The task »
What you return should be the lines from the one with "Этикетка Termo ECO" through the one with "прущая мука Михайловка" in the data below, reproduced exactly with both ends, and no pictures at all.

Extracted data »
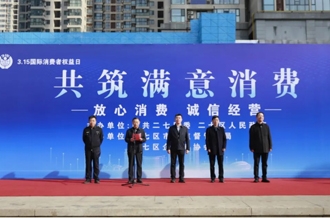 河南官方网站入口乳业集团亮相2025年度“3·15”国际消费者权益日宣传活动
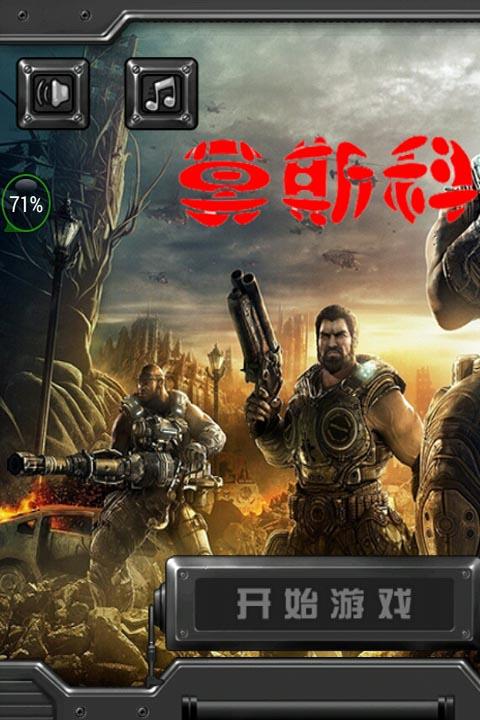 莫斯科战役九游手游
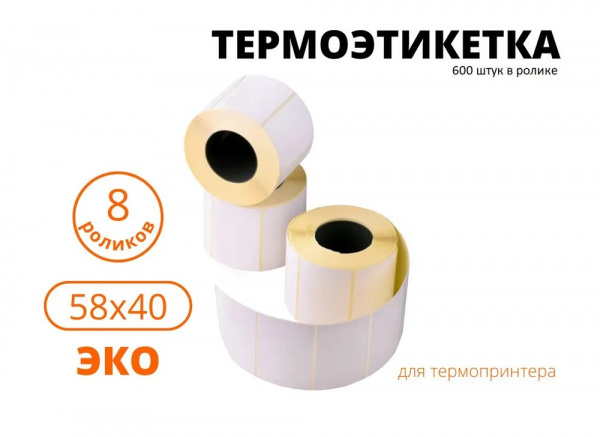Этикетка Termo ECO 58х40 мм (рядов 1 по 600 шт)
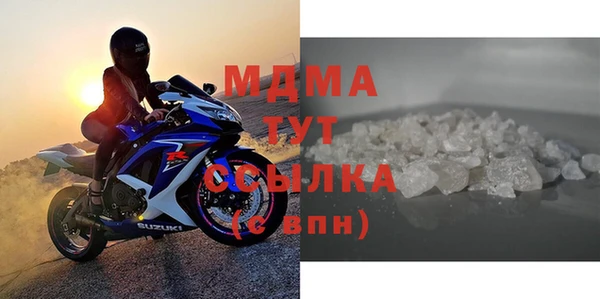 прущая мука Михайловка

==

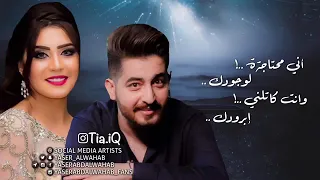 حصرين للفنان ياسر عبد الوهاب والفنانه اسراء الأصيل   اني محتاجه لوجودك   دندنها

...

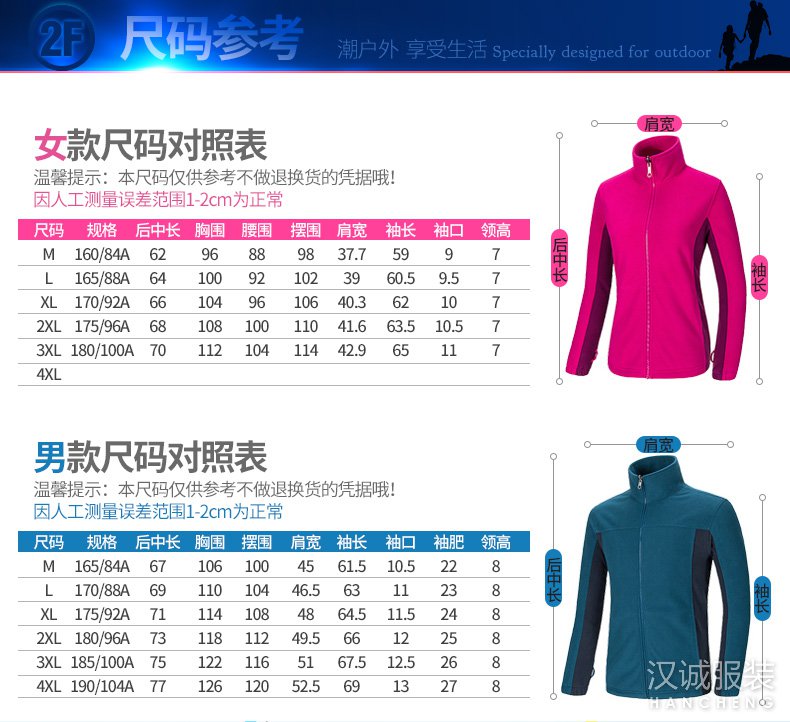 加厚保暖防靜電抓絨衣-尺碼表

Answer space »
Этикетка Termo ECO 58х40 мм (рядов 1 по 600 шт)
 прущая мука Михайловка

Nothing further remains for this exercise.